Leaving out the pictures, output the lines from the one that contains "World of Guns: Gun Disassembly screenshot #7" through the end of the material, exactly as they stand.

#### Data section

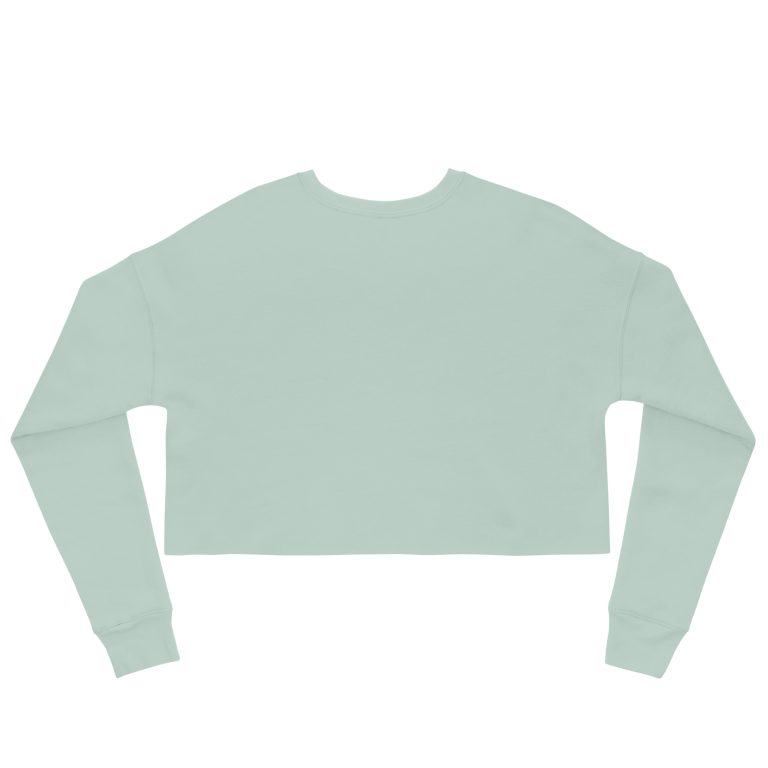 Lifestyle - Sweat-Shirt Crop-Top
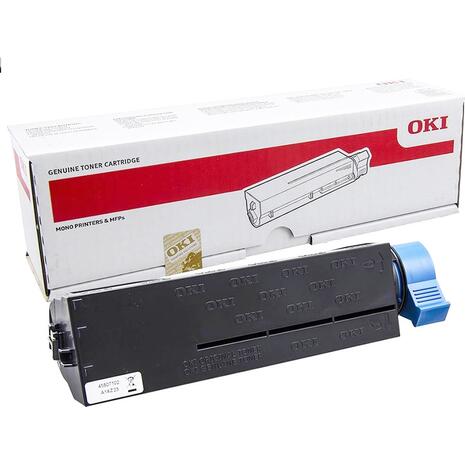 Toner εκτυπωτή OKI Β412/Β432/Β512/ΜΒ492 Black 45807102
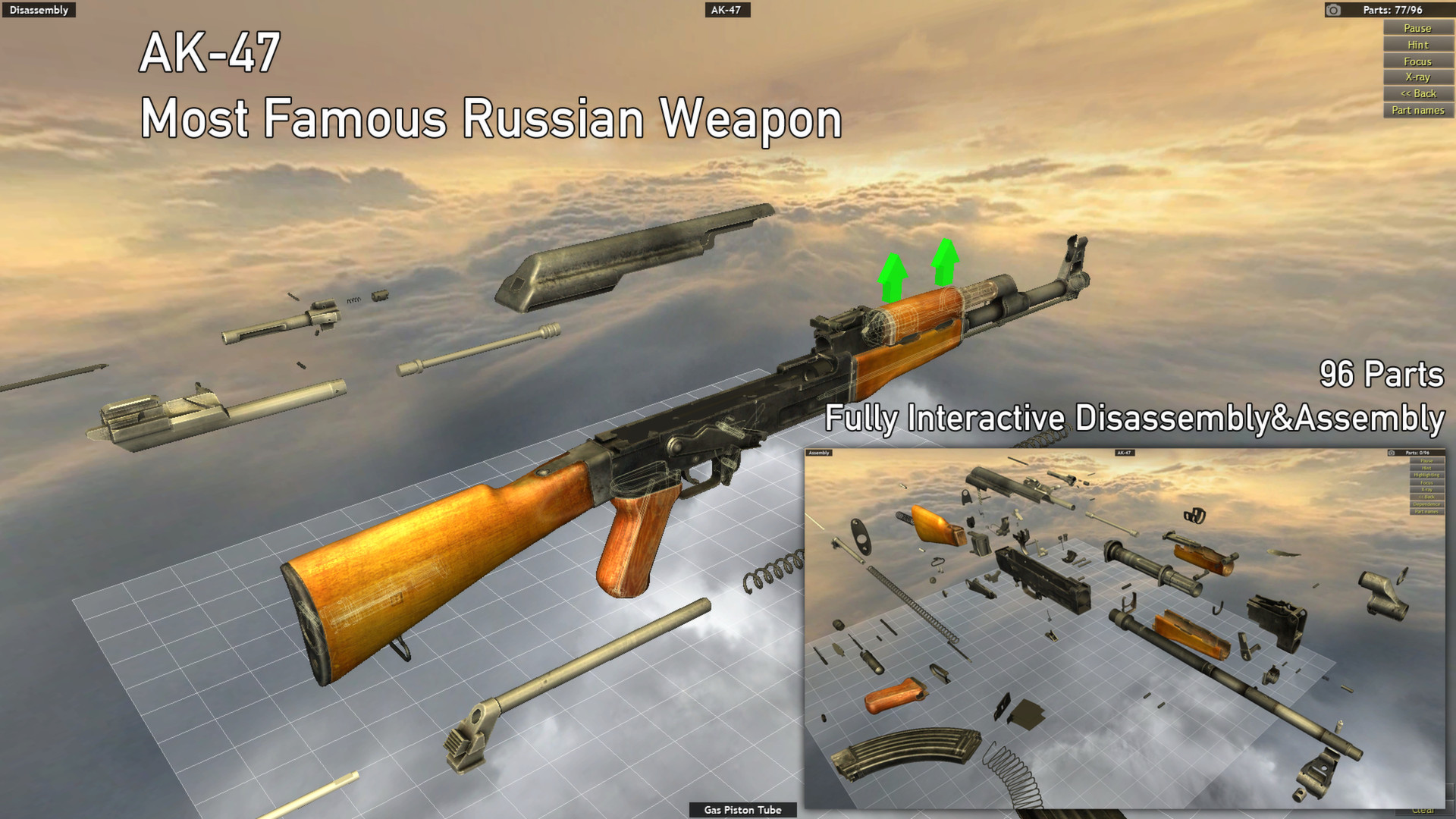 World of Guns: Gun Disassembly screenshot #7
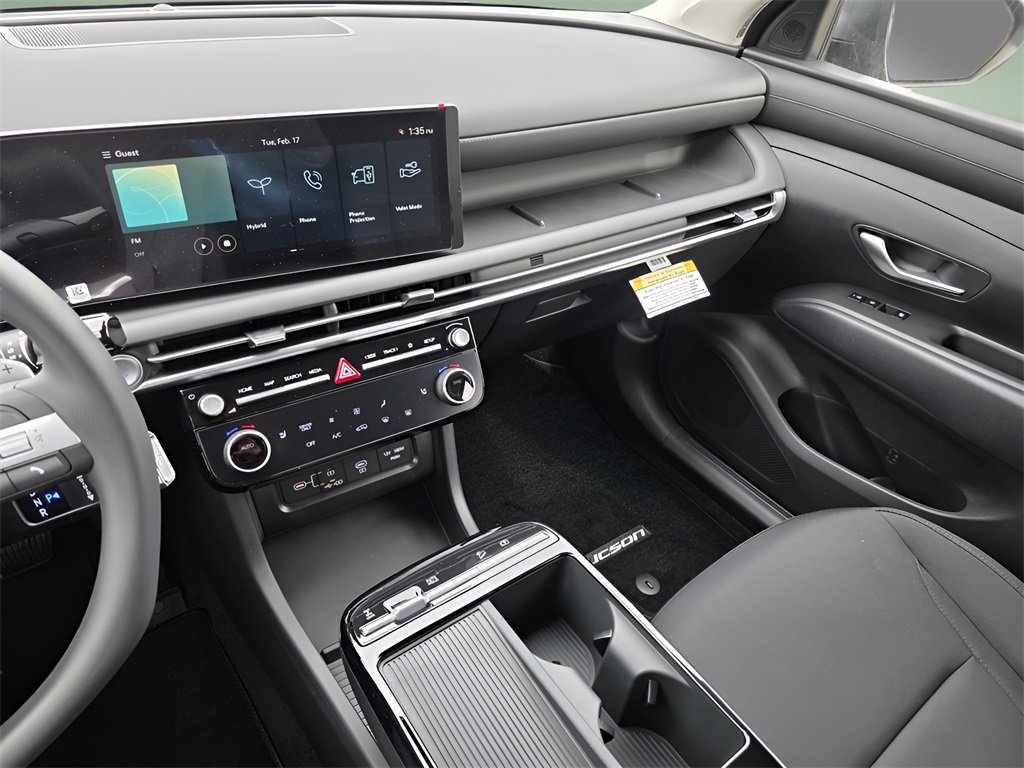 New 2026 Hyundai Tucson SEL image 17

########

▶ _Exercise answer_
 World of Guns: Gun Disassembly screenshot #7
 New 2026 Hyundai Tucson SEL image 17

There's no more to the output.